Estamos, como siempre, en una lucha entre pulsiones emocionales entre los que añoran el pasado y los que no se conforman con lo que fueron. La ultraderecha no ha renacido, simplemente se ha manifestado orgullosa de lo que siempre fue y ha definido su identidad en la España de otros siglos. Repudian la memoria histórica (la ideológica, dicen, como si ellos no tuvieran ideología y solo fueran ángeles custodios de nuestras esencias patrias). Van a reconquistar España para los Reyes Católicos y a reconstruir el tardofranquismo en el que las mujeres pedían permiso para salir de casa; para comprarse unas medias, porque no eran independientes ni estaban en el mercado laboral; mujeres que no decidían por sí solas y que eran religiosas y obedientes, es decir, solo madres y esposas sumisas, como Dios manda. Quieren regresar al tiempo en el que los hombres eran machitos que no se prendaban de otros hombres porque para meterlos en vereda o en la cárcel, combatiendo su desviación sexual, ya estaba la ley de peligrosidad social. No sorprende que sean las mujeres y las leyes que las protegen el objetivo de estos nuevos redentores ya que se han convertido en la avanzadilla de los movimientos sociales. VOX, que niega la dictadura de Franco pero proclama la dictadura de las feminazis, consigue adeptos entre muchos hombres y entre algunas mujeres que se niegan a ver la realidad. Pese a todo son ellas la vanguardia indiscutible de la transformación social fundamentada en la igualdad, la solidaridad y, por supuesto, la libertad.

Ahora que PP, Ciudadanos y VOX han llegado a acuerdos para gobernar Andalucía sabemos que pese a utilizar un lenguaje florido no pueden ocultar que han optado por plegarse a una ideología reaccionaria que no tiene un proyecto de futuro sino de pasado.
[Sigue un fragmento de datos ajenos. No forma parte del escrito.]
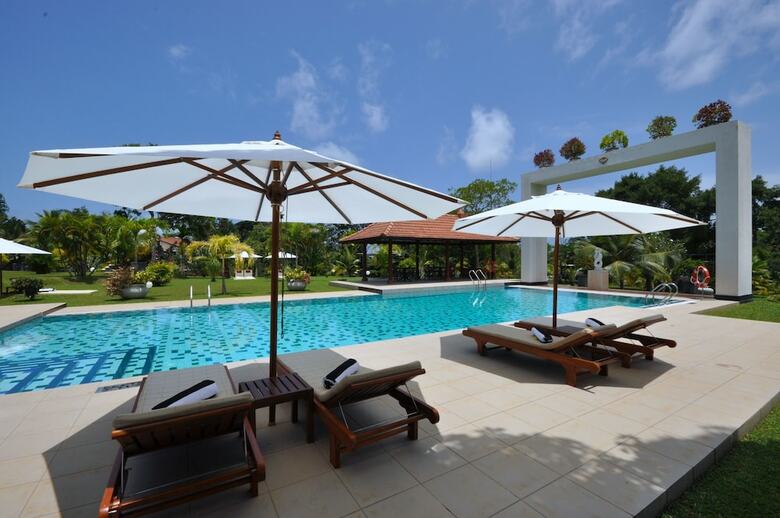 Hotel Cocoon Resort & Villas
Es también evidente que la ultraderecha crece sin que crujan las estructuras de los poderes tradicionales, incluida la prensa, que los ven con cierta ternura, como hijos revoltosos del sistema. Pablo Casado y Albert Rivera han abandonado el centro uno a las claras y el otro disimulando. Me estremece pero éste es el juego democrático. El tridente de la derecha ha sido creado, como el de Poseidón, por los cíclopes de moda (Casado, Rivera y Abascal), se trata de un pacto entre perdedores, según su propia doctrina, pero es un pacto legítimo que pretenden exportar a toda España.

Lo que me asusta es la falta de reacción de quienes dicen mirar al futuro. Tanto Susana Díaz como Pedro Sánchez, tanto Teresa Rodríguez como Pablo Iglesias, tanto el PSOE en su conjunto como Podemos debieran hacer una seria autocrítica de su actuación en Andalucía y de las carencias de su discurso y de su proyecto en toda España (Cataluña incluida). Estamos ante un ensayo general y de momento están ganando quienes quieren regresar al pasado mientras los que se consideran artífices del futuro no acaban de conectar con su propia gente. Pronto será necesaria una nueva reconquista: la de los derechos universales y constitucionales usurpados.

María Antonia San Felipe

Sobre el autor

Funcionaria. Aficionada a la escritura que en otra vida fue política. "Entre visillos" es un homenaje a Carmen Martín Gaite con esa novela ganó el Premio Nadal en 1957, el año en que yo nací.